Jen: Yeah, one of my favorite parts of that episode, actually, as I was listening to the tape you gathered, was hearing the singing and then hearing you singing on the track because you—like you said, it's hard not to get swept up in it. It was such,—it was really such beautiful singing.

[clip of singing in Hebrew]

So, after that episode, Nahanni, you went on on hiatus, um, for the rest of the fall to work on a different audio project. Can you tell us a little bit about what you were working on?

Nahanni: Yeah, sure. So, in the fall I was working intensively on a series called Remembering Vilna: The Jerusalem of Lithuania, which is a ten-part audio documentary on Jewish life in Vilna before, during, and in the years immediately following World War II. And it's based on first-person testimonies from Holocaust survivors who were from Vilna that are housed at the Fortunoff  Video Archive for Holocaust Testimonies at Yale.

And, um, I am actually wrapping up — getting close to wrapping up production of that series and it's gonna be out in the fall. It's kind of an epic project and I'm looking forward to sharing it with people.

Jen: And I'm guessing we'll be able to hear that in all the usual places?

Nahanni: Yeah, so, it's part of a podcast called Those Who Were There. So it's at thosewhowerethere.org, and it's also wherever you get your podcasts.

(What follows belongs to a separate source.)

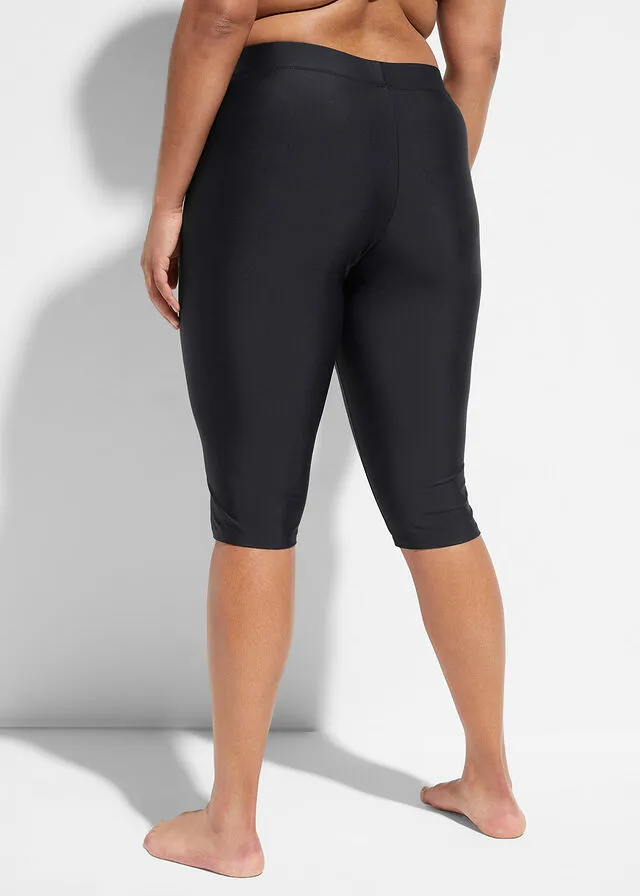 Leggings de baño Negro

Jen: Great. Okay, so when Nahani was on leave, that meant that I took up the reins for the season as the main producer with Judith, um, listening to lots and lots of cuts of episodes. And we had a pretty wide range of topics this fall. It was everything from Jewish women leading seances in the 1800s to the problem of get refusal in Israel, where some Jewish women can't obtain a divorce from their husbands and are essentially chained. They're called agunot, which I think literally means chained woman.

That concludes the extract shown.